Table 3 shows the similarity of detection patterns across subjects (both rabbits and human), which was quantified by the inter-subject coefficient of determination. The r2 values of hit rates across rabbits were all significant (p<0.05) except between R10 and R11, which were weakly but not significantly correlated. For rabbits, the intersubject coefficients of determination for false-alarm rates were generally lower. Compared to the high intersubject coefficients of determination observed for human listeners (Evilsizer et al. 2002; Davidson et al. 2006), the rabbits showed greater diversity in their detection patterns. Part of the diversity may be because of the different detection mechanisms, and part may be a reflection of the greater variability in the rabbit behavioral results.
Four sessions (Nr=48) obtained from H1 in the modified rabbit setup were compared to the average human subject (Nr=64–96 for each of the eight subjects) to examine potential differences in results between studies caused by the experimental setup. (H1 was not a participant in the previous human studies.) The ES/N0 for H1 (9.4±0.7 dB) was near the low end of the range of thresholds measured in the previous human studies. As shown in Table 3, the coefficient of determination between H1’s detection pattern and that of the average human subject in the previous studies was significant (r2=0.55 for hits and 0.64 for false alarms, df=23, p<0.001). Based on these results, we conclude that the compensated acoustic waveforms used in the rabbit setup were well matched to those used in the previous headphone study in humans, and that the two paradigms were generally similar enough to yield the same detection patterns, at least for a human listener.
Table 3 also shows the coefficient of determination between each rabbit and the average human subject for hit and false-alarm rates. None of the r2 values was significant (p>0.05). The r2 values for comparisons between the rabbits and H1 were also not significant (p>0.05). To examine possible reasons for this discrepancy, such as differences in the peripheral tuning of the two species, detection models were used to quantitatively study the detection patterns for both species (see below).
There was little difference in detection results between the fixed- and roving-level conditions. Table 4 compares the detection thresholds between the fixed-level and roving-level conditions for R4 and R13. In one of the two comparisons, there was a small but significant increase in threshold (0.9 dB for R4; t(38)=2.4, p<0.05) for the roving-level condition. The mean Es/N0 for R13 did not change significantly between the fixed-level and roving-level conditions (t(50)=0.3, p>0.05). In the second run of the fixed-level condition, thresholds were not significantly different from those of the original fixed-level condition for either R4 or R13 (t(30)=1.4 for R4, t(43)=2.0 for R13, p>0.05). The bias and Rf values for both rabbits were not significantly different from zero in any of the conditions (t test, p>0.05).
The coefficients of determination for comparisons of the patterns for roving-level and fixed-level results were 0.83 (hits) and 0.81 (false alarms) for R4, and 0.67 (hits) and 0.64 (false alarms) for R13. The coefficients of determination of the patterns between the first and second fixed-level conditions were 0.77 (hits) and 0.69 (false alarms) for R4, and 0.50 (hits) and 0.50 (false alarms) for R13. All of these r2 values were significant (df=23, p<0.001). Because only four and five sessions were obtained in the second fixed-level condition for R4 and R13, respectively, the last four and five sessions of the first test were used in the comparison between the two fixed-level conditions. These results suggested that the rabbits used the same detection mechanism or two mechanisms with very similar outcomes in the fixed and roving-level conditions, and that if they used a single mechanism, it was a rove-resistant mechanism.
A single-channel energy-based model (Fletcher 1940; Gilkey and Robinson 1986; Davidson et al. 2006) was used to predict the detection patterns and thresholds obtained from each human and rabbit.

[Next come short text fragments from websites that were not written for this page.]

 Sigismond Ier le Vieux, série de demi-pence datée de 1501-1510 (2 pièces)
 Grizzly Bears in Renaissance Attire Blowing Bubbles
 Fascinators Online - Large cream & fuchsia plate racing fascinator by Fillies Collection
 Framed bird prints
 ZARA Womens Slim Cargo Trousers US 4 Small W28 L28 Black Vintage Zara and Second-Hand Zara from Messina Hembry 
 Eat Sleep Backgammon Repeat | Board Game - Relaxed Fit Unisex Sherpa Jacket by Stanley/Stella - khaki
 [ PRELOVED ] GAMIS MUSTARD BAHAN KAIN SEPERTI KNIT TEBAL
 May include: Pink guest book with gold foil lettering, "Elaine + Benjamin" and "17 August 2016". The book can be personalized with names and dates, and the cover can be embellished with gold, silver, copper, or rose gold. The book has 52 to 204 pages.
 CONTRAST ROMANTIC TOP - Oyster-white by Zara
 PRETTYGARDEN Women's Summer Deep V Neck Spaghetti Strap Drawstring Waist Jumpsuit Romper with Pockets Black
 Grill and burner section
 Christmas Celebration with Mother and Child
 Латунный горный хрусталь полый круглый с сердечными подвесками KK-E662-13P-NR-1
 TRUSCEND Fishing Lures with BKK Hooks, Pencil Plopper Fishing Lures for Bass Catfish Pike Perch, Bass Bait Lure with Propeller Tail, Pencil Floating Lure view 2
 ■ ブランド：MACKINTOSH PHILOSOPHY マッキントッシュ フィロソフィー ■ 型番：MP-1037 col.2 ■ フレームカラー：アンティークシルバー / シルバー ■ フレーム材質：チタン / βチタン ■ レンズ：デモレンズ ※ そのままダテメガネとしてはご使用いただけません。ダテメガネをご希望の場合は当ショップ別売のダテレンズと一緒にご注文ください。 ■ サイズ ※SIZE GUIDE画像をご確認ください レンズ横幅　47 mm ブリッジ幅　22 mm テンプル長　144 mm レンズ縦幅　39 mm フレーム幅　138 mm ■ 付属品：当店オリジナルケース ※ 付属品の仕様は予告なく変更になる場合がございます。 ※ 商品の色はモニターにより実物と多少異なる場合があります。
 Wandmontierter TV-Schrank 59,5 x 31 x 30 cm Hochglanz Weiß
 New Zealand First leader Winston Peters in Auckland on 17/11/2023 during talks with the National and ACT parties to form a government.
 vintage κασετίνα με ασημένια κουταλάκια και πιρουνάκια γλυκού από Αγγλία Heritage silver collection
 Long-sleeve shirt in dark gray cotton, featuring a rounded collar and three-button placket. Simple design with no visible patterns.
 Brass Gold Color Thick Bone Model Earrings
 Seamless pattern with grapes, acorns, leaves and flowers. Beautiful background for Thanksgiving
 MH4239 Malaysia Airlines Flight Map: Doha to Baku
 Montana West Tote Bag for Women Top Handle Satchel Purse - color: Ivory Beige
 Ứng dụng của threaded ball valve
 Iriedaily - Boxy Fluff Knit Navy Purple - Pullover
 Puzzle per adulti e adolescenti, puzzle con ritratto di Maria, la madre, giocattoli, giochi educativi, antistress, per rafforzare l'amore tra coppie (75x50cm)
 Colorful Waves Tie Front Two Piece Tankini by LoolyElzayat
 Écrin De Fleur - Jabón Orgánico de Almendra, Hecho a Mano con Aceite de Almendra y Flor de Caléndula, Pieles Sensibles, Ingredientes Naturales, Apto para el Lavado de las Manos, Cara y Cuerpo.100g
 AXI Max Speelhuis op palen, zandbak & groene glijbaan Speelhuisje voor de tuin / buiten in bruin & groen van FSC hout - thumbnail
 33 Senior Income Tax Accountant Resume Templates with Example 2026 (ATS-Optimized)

As shown in Figure 4A, the output of the energy model was calculated as the root-mean-square (RMS) value of the noise-alone or noise-plus-tone waveforms after passing through a fourth-order gammatone filter. The variation in detection patterns across rabbits (Table 3) suggested that the parameters of detection models must vary substantially to account for individual performance; therefore, a wide range of model filter bandwidths and center frequencies were tested. The model was tested with the same 25 reproducible-noise waveforms, but with fixed-level tones. The RMS of the filter output was recorded as Etn or En, for a tone-plus-noise or noise-alone trial, respectively. An individual subject’s threshold determined the tone level used by the model to obtain predicted detection patterns for that subject. In this study, the jth component of a detection pattern for hits or false alarms was the Etn or En for the jth reproducible noise waveform, with or without the tone (j1, 2, ..., 25), respectively. That is, the model detection patterns were composed of decision variables, not hit or false-alarm rates, to avoid having to make assumptions about the level of internal variability (i.e., internal noise) and choose a detection criterion for the model.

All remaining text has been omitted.